Tasks completed: 25.
(Over 4 days as I was on leave one day this week.)
OKRs at the product leaders group
Attended Tom Dolan‘s presentation about how they do OKRs at Which? I think OKRs allow teams to jump over organisational hierarchy and connect directly to strategy, so I find it really interesting to see how different organisations do OKRs, and Tom’s a believer in working in the open so his presentation was really interesting.
I read:
7 D’s
I read Kent J Macdonald post on using his 7 D model to deliver internal products. I used a similar model in my dissertation about the product development processes charities use. Since then I’ve expanded it to: direct, define, discover, due diligence, design, develop, deliver, distribute. I’ve haven’t gotten around to writing it up yet but I don’t think of it as phases, it’s more of a checklist of things to think about.
Agents
I love a good whitepaper. This one goes into how it is a “combination of reasoning, logic, and access to external information that are all connected to a Generative AI model [that] invokes the concept of an agent, or a program that extends beyond the standalone capabilities of a Generative AI model.”

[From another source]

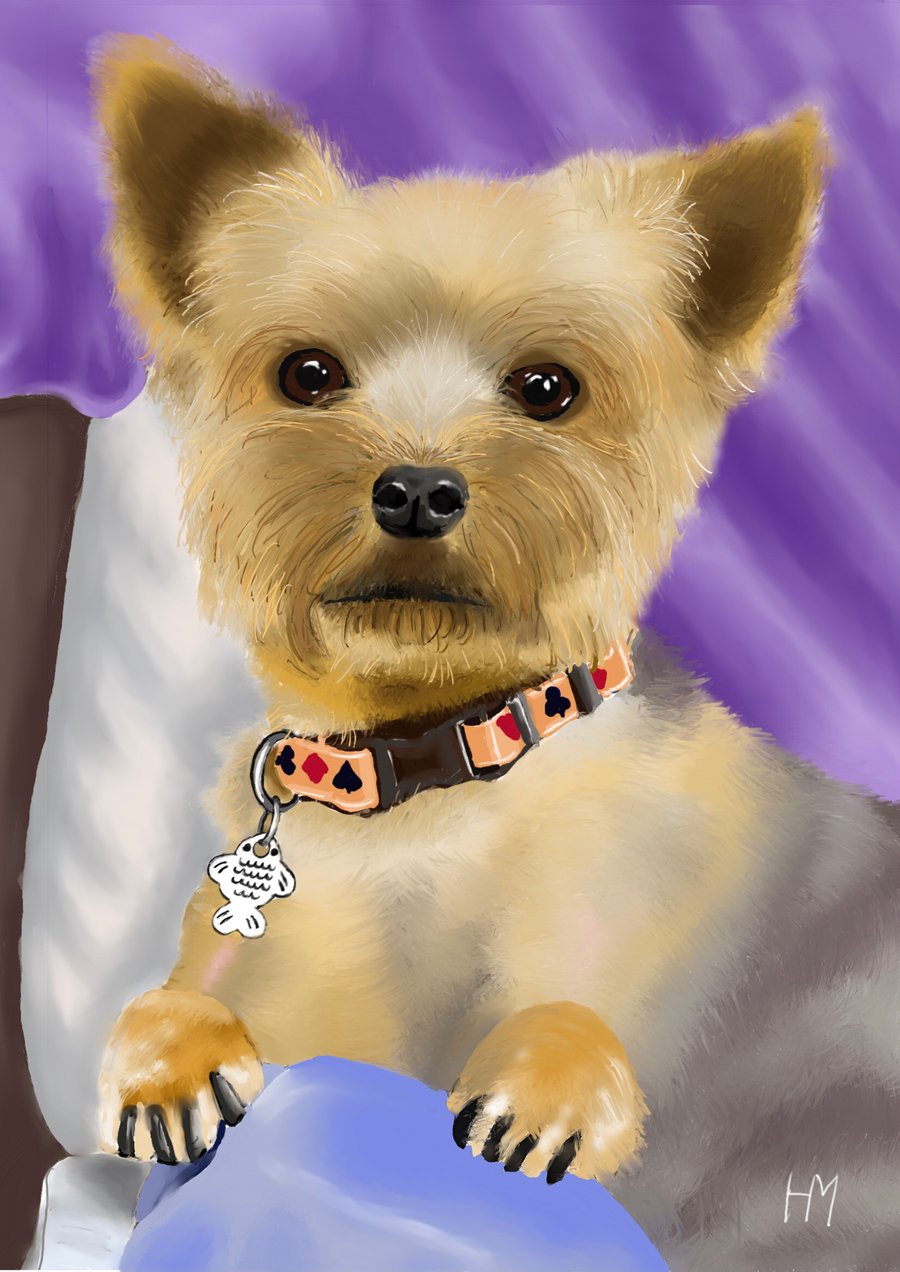 Pet portraits to order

And Steve wrote about how Agentic AI needs UCD smarts.
Can I suggest no one names their agent ‘Smith’, just in case.
Anything can be thought about as a product
But I’m not sure that means anything can be a product (let’s not get into trying to define a product). Using product thinking to uncover worthwhile problems and hypotheses about how to solve them is definitely generally applicable.
Efficiency obsession
The shift from making sure everyone is working hard to maximising the flow of work is part of the transformation (along with the shift from outputs to outcomes, functional teams to cross-functional teams, etc., etc.) My pondering is; who’s job is it? Which role in a team is responsible for focusing on flow?

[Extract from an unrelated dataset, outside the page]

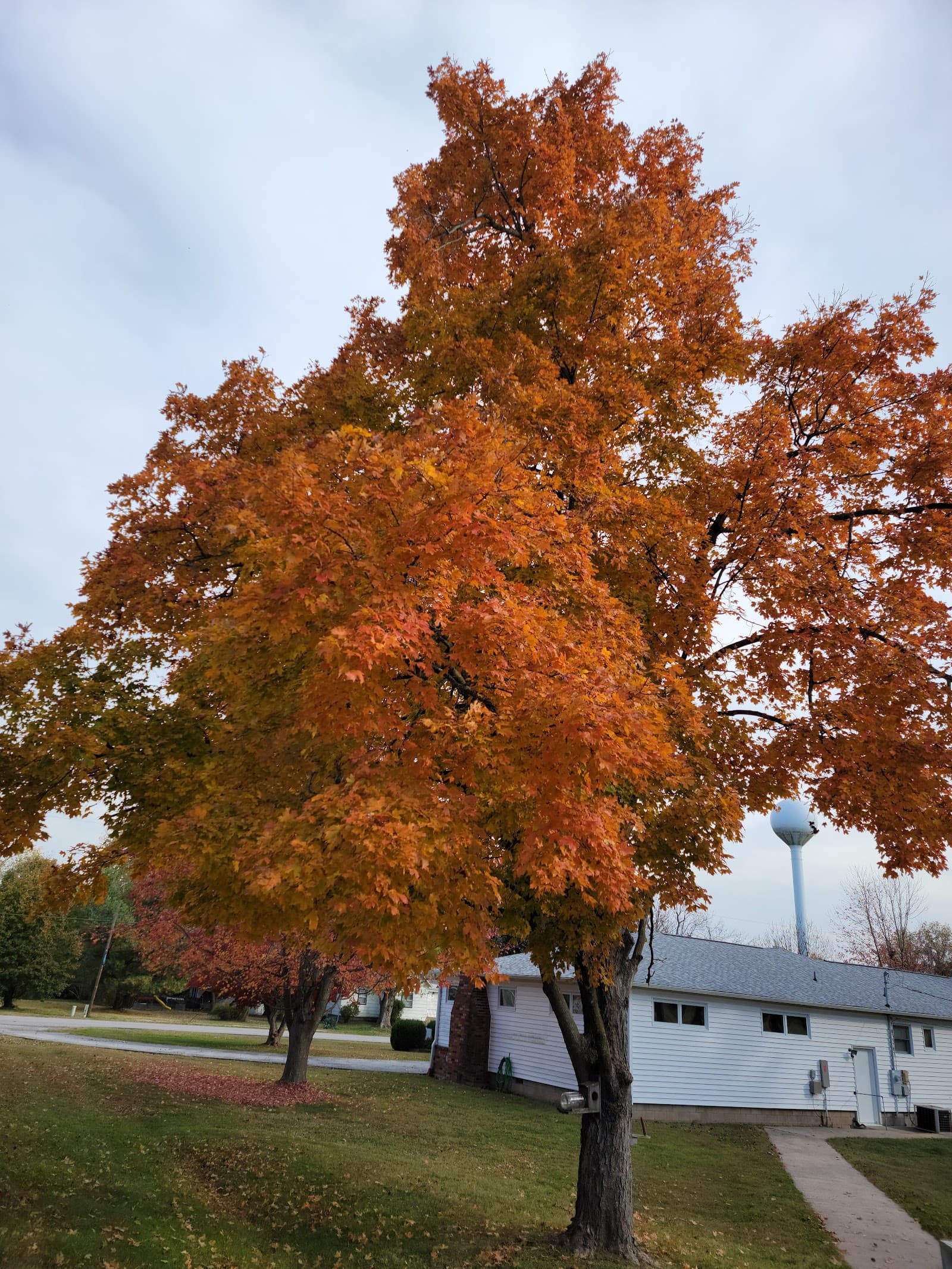 Ozarks Methodist Manor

Love newsletters? You’re gonna love RSS
Andy Bell wrote about using an RSS reader to know when the people you want to read publish their posts and newsletters (which I read in my RSS reader).
Here’s the OPML file of all the newsletters, websites and blogs I’m currently following.
I thought about:
Conflict resolution, and other skills
After a conversation about skills like conflict resolution, I thought about how people might learn such highly technical (by which I mean need lots of expert knowledge), soft skills (by which I mean not easily quantifiable and measurable).
Empowered team leadership
There doesn’t seem to be enough written and talked about for how to lead empowered teams. I think that kind of leadership is rooted in a coaching approach, it that creates and holds space for the team, it doesn’t have the answers but tries to help the team ask the right questions.
Two types of product managers
I remembered a conversation with Michael Wilkinson from a while ago where he said that there are two types of journalists; those that are good at finding stories and whose that are good at writing stories. I was thinking something similar about product managers. Some are good at finding problems, some are good at solving problems.